“In Saudi Arabia for example, the foreign labour force is rapidly shrinking, meaning expats are leaving …we’re seeing the same thing happening in Bahrain and Oman as well,” he added.
The public sector wage bill occupies a large, if not the largest, part of total public spending in some of the GCC countries and in some cases, exceeds half of the total spending, according to Elbadri.
“In countries like Kuwait, with oil prices lower than historical averages, this will restrict government’s ability to expand public sector. This may be worse for countries with fairly sizable youth population. For example, Saudi Arabia’s youth population exceeds a third of the total population,” he said.
“If the government is unable to take in the youth, this could potentially lead to a feeling of marginalisation, so they will probably rely more on the private sector to absorb more of the youth into the labour force… But some GCC states will be under more pressure to generate private sector jobs than others,” he added.
Progress on implementation of labour force nationalisation has been mixed across the Gulf.
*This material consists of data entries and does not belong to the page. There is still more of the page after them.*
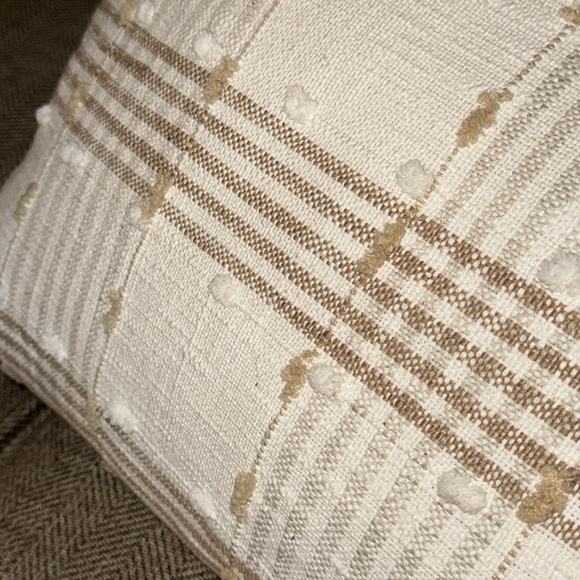 NWT Decorative Throw Pillow 14”x24” (white and tan) Plaid/Stripes Oblong/Tassels - Picture 7 of 10
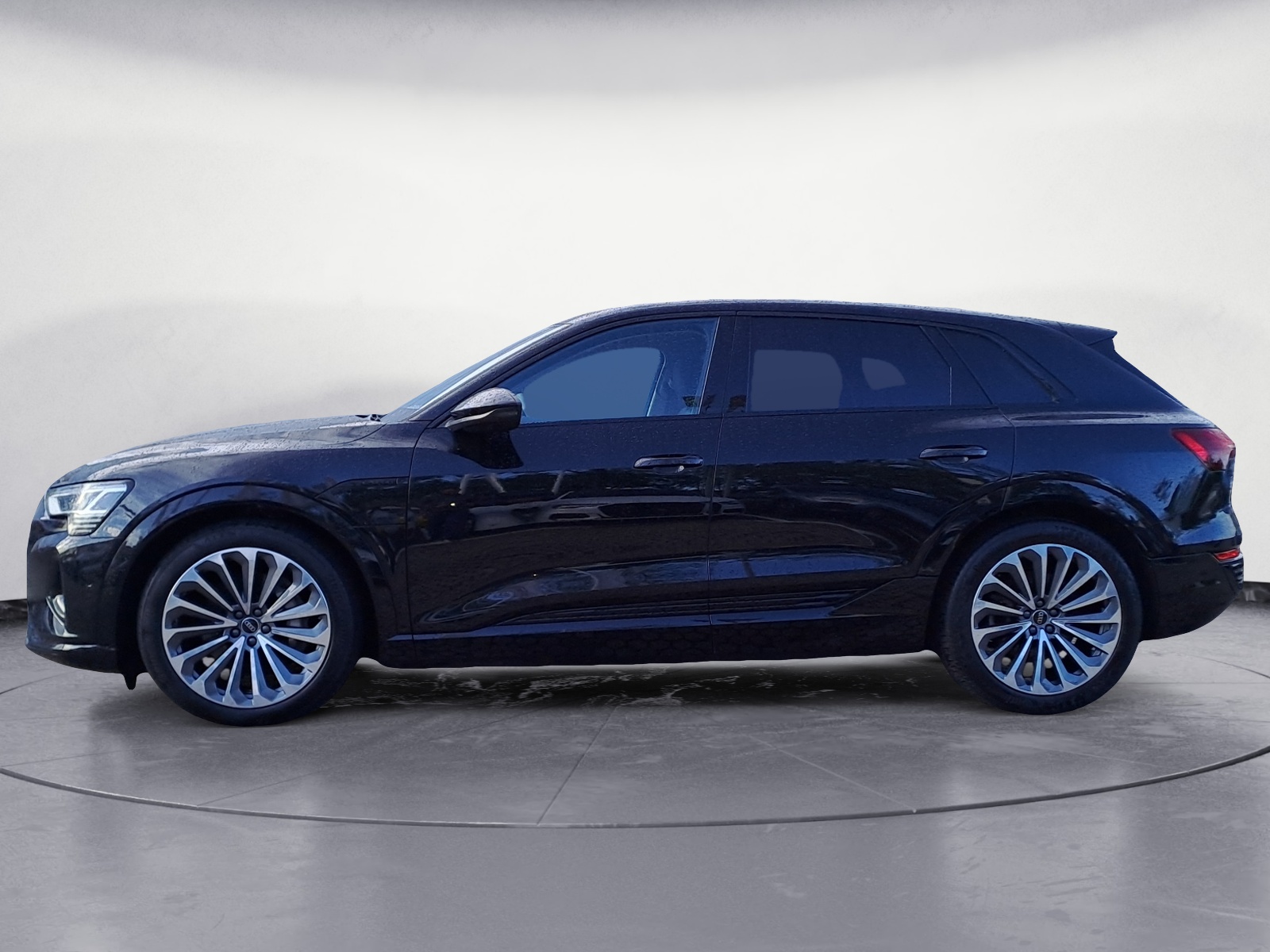 Audi - Q8 advanced 50 e-tron quattro 250 k
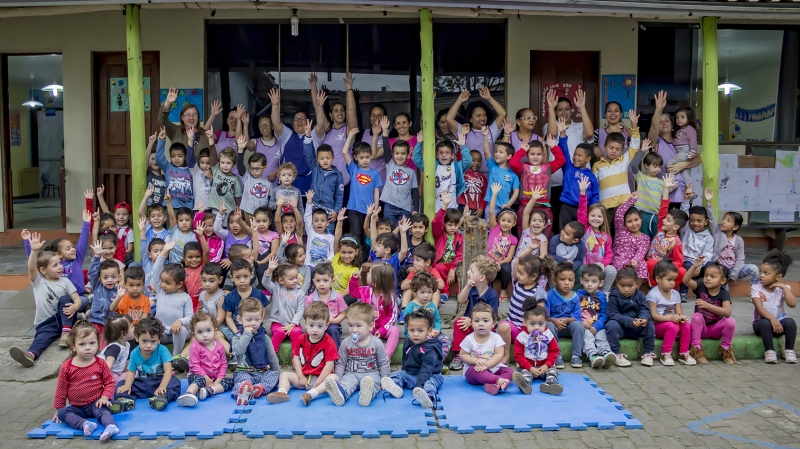 Pais ou responsáveis são convidados a acompanhar as atividades de forma a reforçar também os vínculos familiares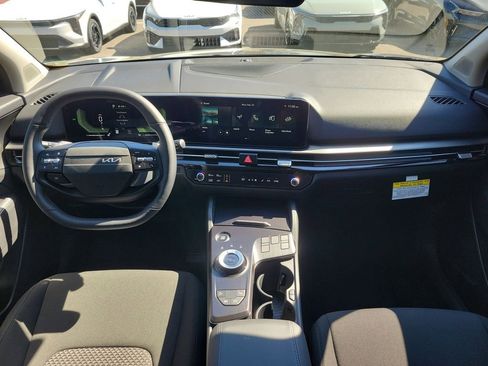 New 2026 Kia Sportage LX image 17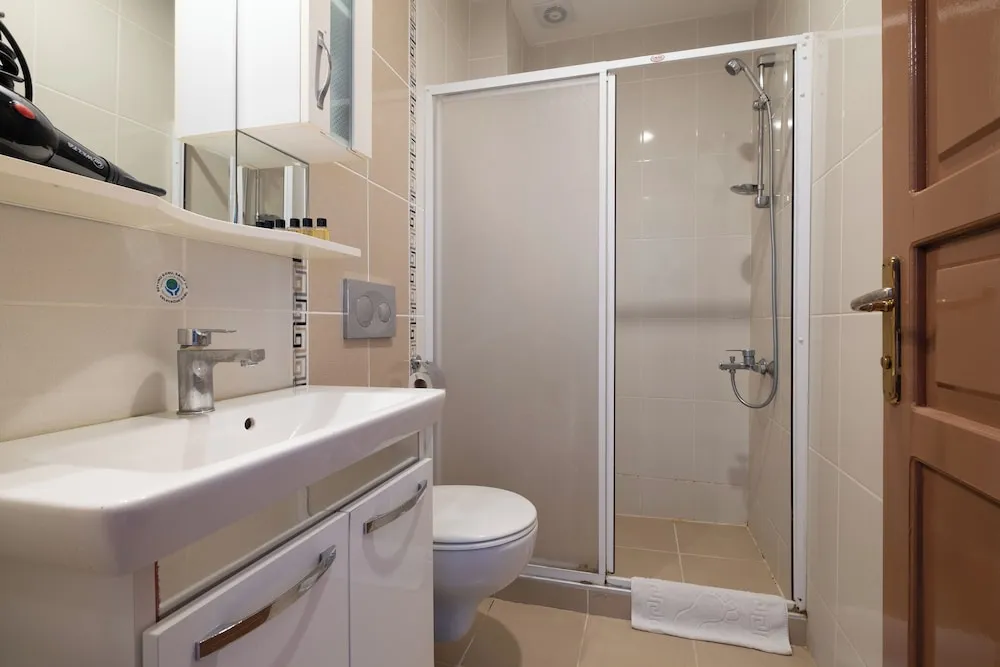 Deluxe Üç Kişilik Oda, Deniz Manzaralı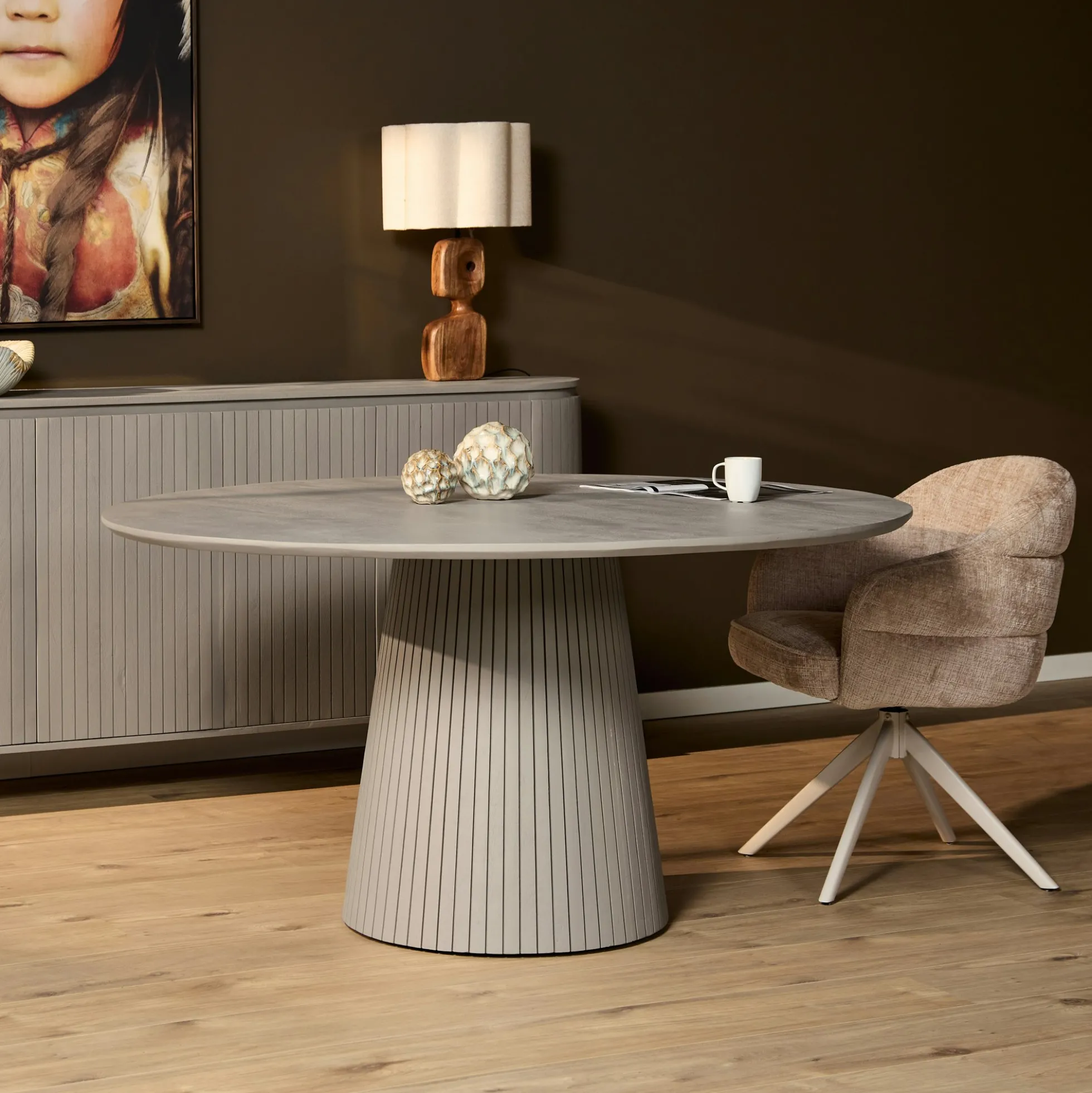 Table ronde bois gris à pied rainuré Ø150 cm CALERO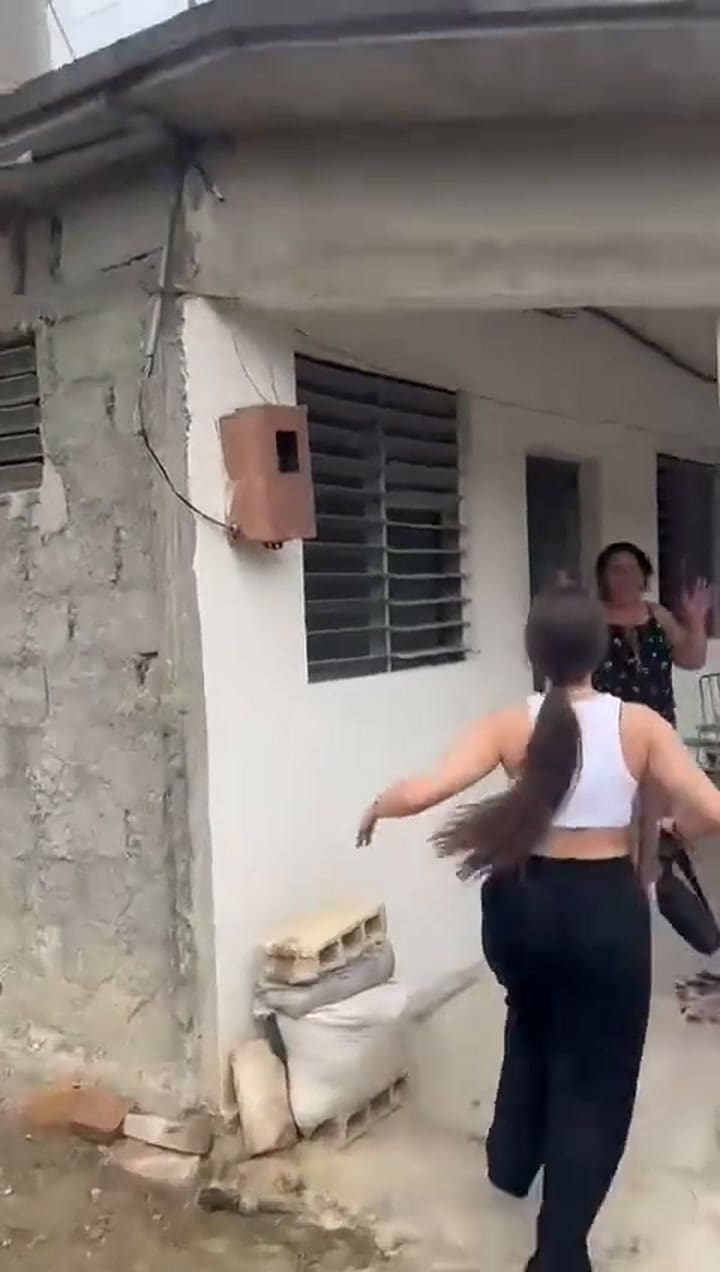 El emotivo reencuentro de una migrante cubana con su familia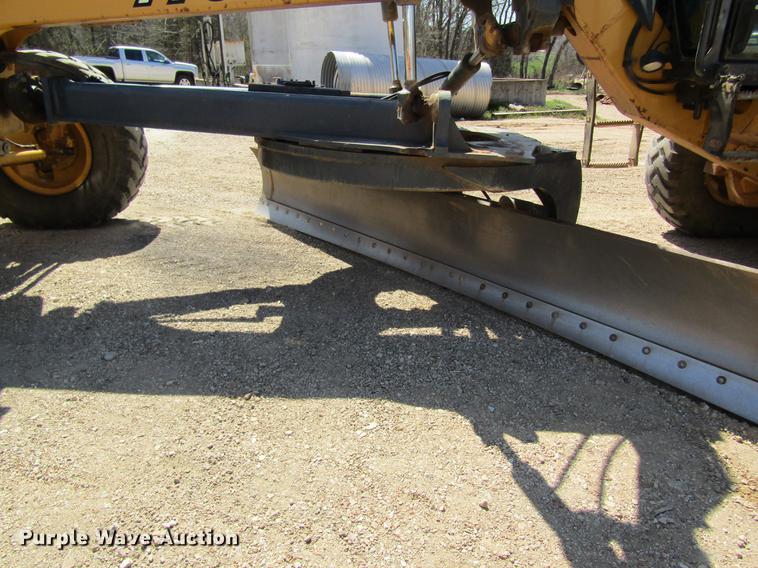 image for item DC4311 2006 John Deere 770D motor grader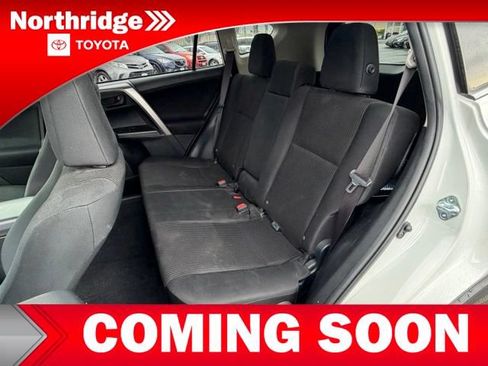 Used 2018 Toyota RAV4 LE FWD image 7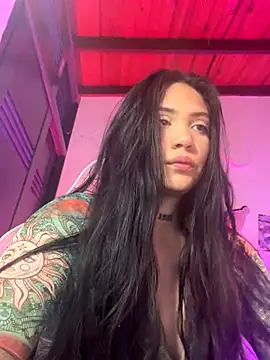 liahouses online show from 09.23.25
While countries like Oman and Saudi Arabia are hiking expat fees and implementing foreign hiring bands, the UAE and Qatar have started offering 10-year residency permits for select expats, which underpins the core narrative that some countries will pursue stricter policies than others, according to Fitch Solutions.
Last month, the UAE issued 10 resolutions to provide 20,000 jobs to its nationals across several sectors over the next three years. Read more here:
Earlier in May, the UAE launched the permanent residency system for investors and exceptionally skilled foreigners. Read more here:
This followed the approval of the Saudi Cabinet for granting ‘green card’-style visas for highly-skilled foreigners and owners of capital funds. Read more here:
However, Fitch Solutions expects implementation of labor force nationalisation to be flexible across the GCC, in that “should it prove damaging to the non-oil economy or fail to attract public support, the authorities will likely backtrack on some measures,” according to Elbadri.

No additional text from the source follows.